== Work task ==
Give again, word for word, the line holding "People walk past" and every line after it through the end of the data below. Omit pictures.

== Supplied information ==

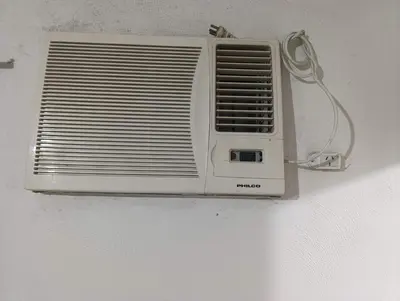 a white air conditioner hanging on a wall at Departamento tolosa in Cordoba
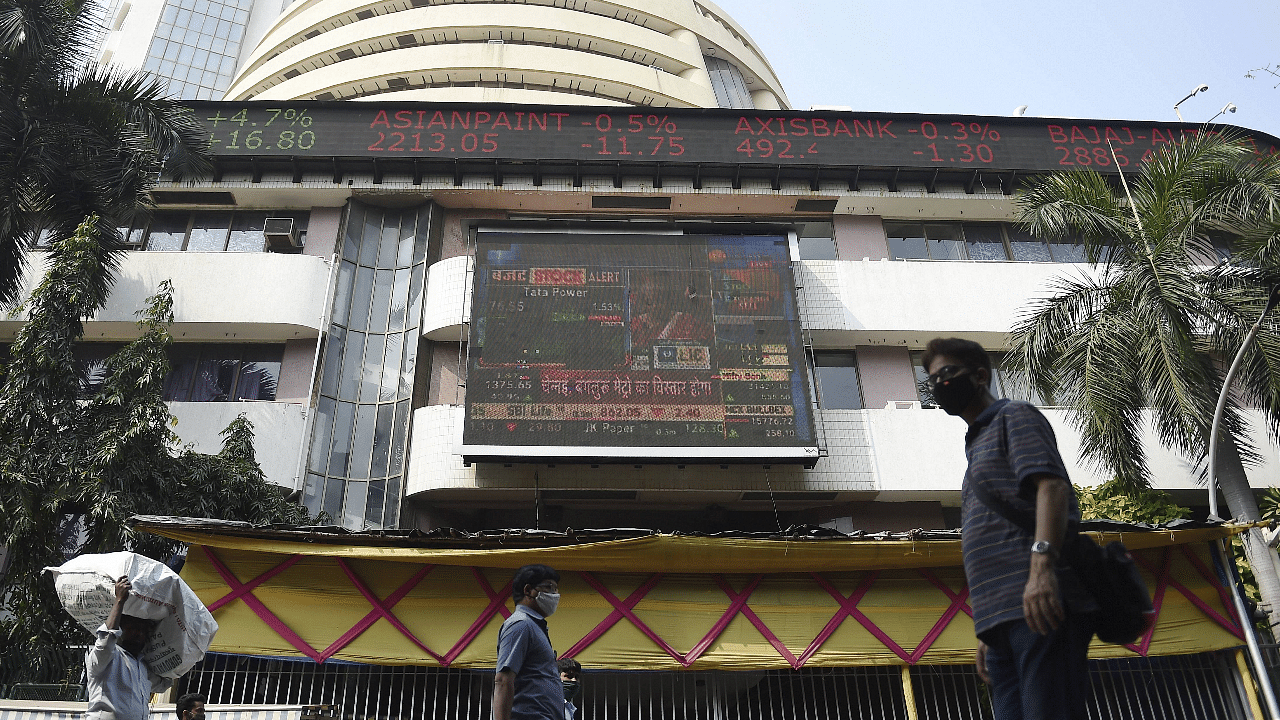 People walk past a digital screen, displaying stock prices, on the facade of Bombay Stock Exchange (BSE), in Mumbai. Credit: PTI Photo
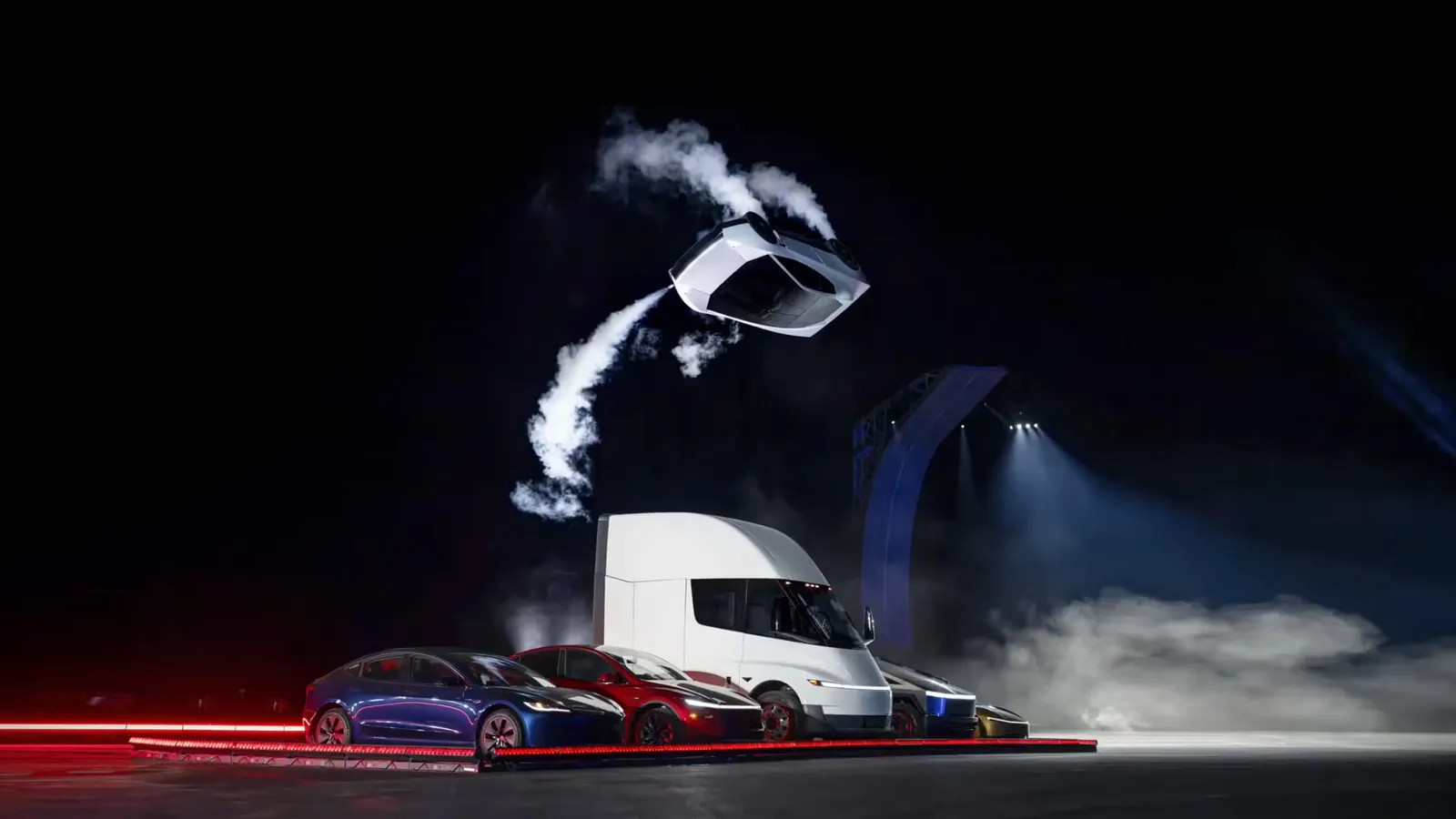 A white car flipping upside down in mid-air, with trails of white gas streaming behind it, above a row of parked Tesla vehicles including a Semi truck, on a dark stage with blue and red lighting.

== Solution below ==
 People walk past a digital screen, displaying stock prices, on the facade of Bombay Stock Exchange (BSE), in Mumbai. Credit: PTI Photo
 A white car flipping upside down in mid-air, with trails of white gas streaming behind it, above a row of parked Tesla vehicles including a Semi truck, on a dark stage with blue and red lighting.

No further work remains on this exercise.